Ja maar, de theaters en concertzalen dan? En het samen beleven? Kan een theater een andere functie krijgen dan nu waardoor het nog wel zijn bestaansrecht houdt? Waarvoor is een concertzaal uitermate geschikt?
Samen beleven? Ahoy vond ik een stuk indrukwekkender toen ik zelf op het podium stond dan in het publiek. Op het podium had ik de ruimte, in een vol publiek moest ik mijn best doen om ook maar iets te zien van de artiesten op het podium. Ik had kaarten voor North Sea Jazz dit jaar en heel stiekem zou ik het wel fijn vinden om met wat minder mensen te kunnen genieten van de optredens.

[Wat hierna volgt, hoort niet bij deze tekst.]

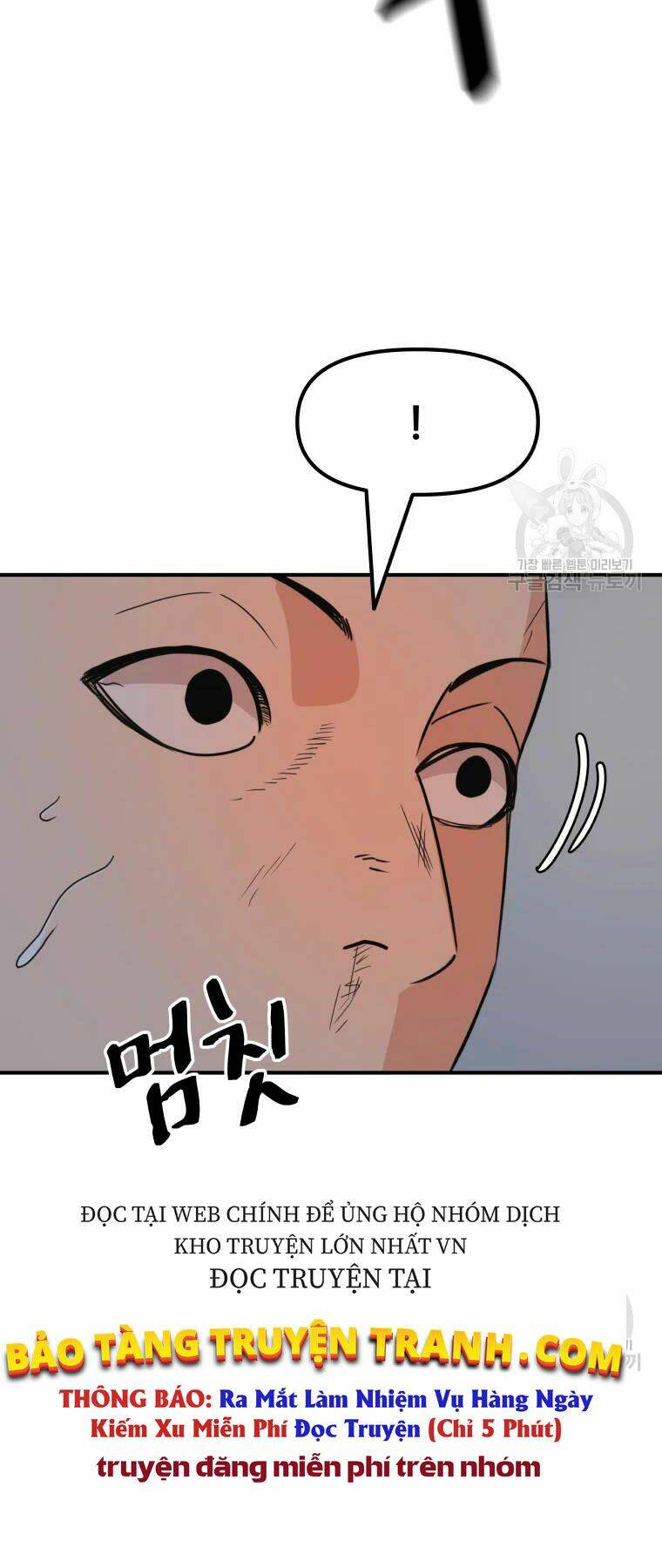 Chapter 32 - Trang 36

Ik ben als regisseur op mijn best met een perfecte voorbereiding en dan ter plekke toch alles anders doen dan gepland, omdat het in de praktijk altijd anders is dan ik van tevoren bedenken kon.
Deze week zou ik in het theater staan met een groep jongeren. Ze zouden het verhaal vertellen van een heleboel Anne Frank’s. Helaas wordt hun verhaal niet nu verteld. De vraag ‘wanneer wel’ telt eigenlijk niet meer. De vraag is eerder ‘hoe wel’.
Ik weet het nog niet. Maar zolang we onze creativiteit bewaren blijft alles mogelijk. Binnen de mogelijkheden, dat wel.